John Armstrong writes that the working group's prescription for change may be blinkered by ideology such as time limits.
Why is it 'time-limits' are ideology but an absence of time-limits is not? Why does National have ideology and Labour none? Armstrong's own angle on welfare is ideological. Can't he see that? We all have some sort of belief system; principles, ideas, world-view. After criticising the actuarial calculations and describing the paper as "polemic masquerading as analysis" he writes;
Perhaps worst of all, it makes assertions that are just plain wrong.
As part of the discussion paper's emphasis on getting beneficiaries into work, it cites Denmark, France, Germany, Sweden and Ireland as countries where, in contrast to New Zealand, sole mothers have higher employment rates than mothers with partners.

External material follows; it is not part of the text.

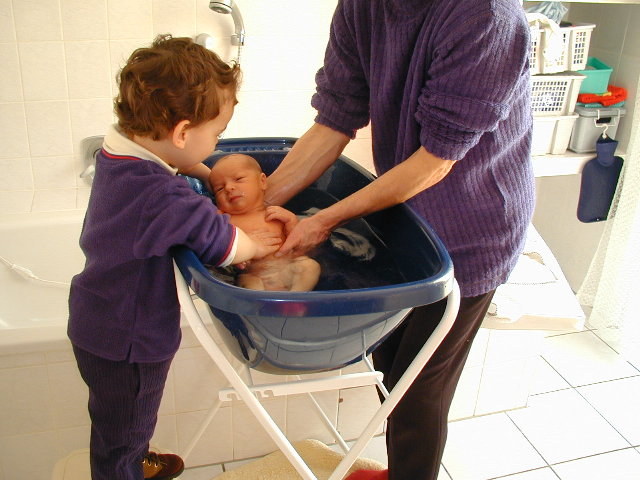 [Nicolas helps with Marcus' first bath, 16 Jan 2001]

The OECD's family database tells a rather different story. In Ireland. mothers with partners outstrip sole mothers when it comes to paid employment - as they do in France and Germany, though not by much.
Armstrong has used this graph;
The Issues Paper relied on Peter Whiteford's presentation slide;
There is a time difference in the statistics. Unfortunately many of the statistics presented to the 2 day forum were outdated. (Not mine).
The fact remains that NZ has a low rate of employment among single mothers when compared with other single mothers in the OECD. That is an effect of the open-ended DPB. Quibbling about unintentional errors won't make that fact go away.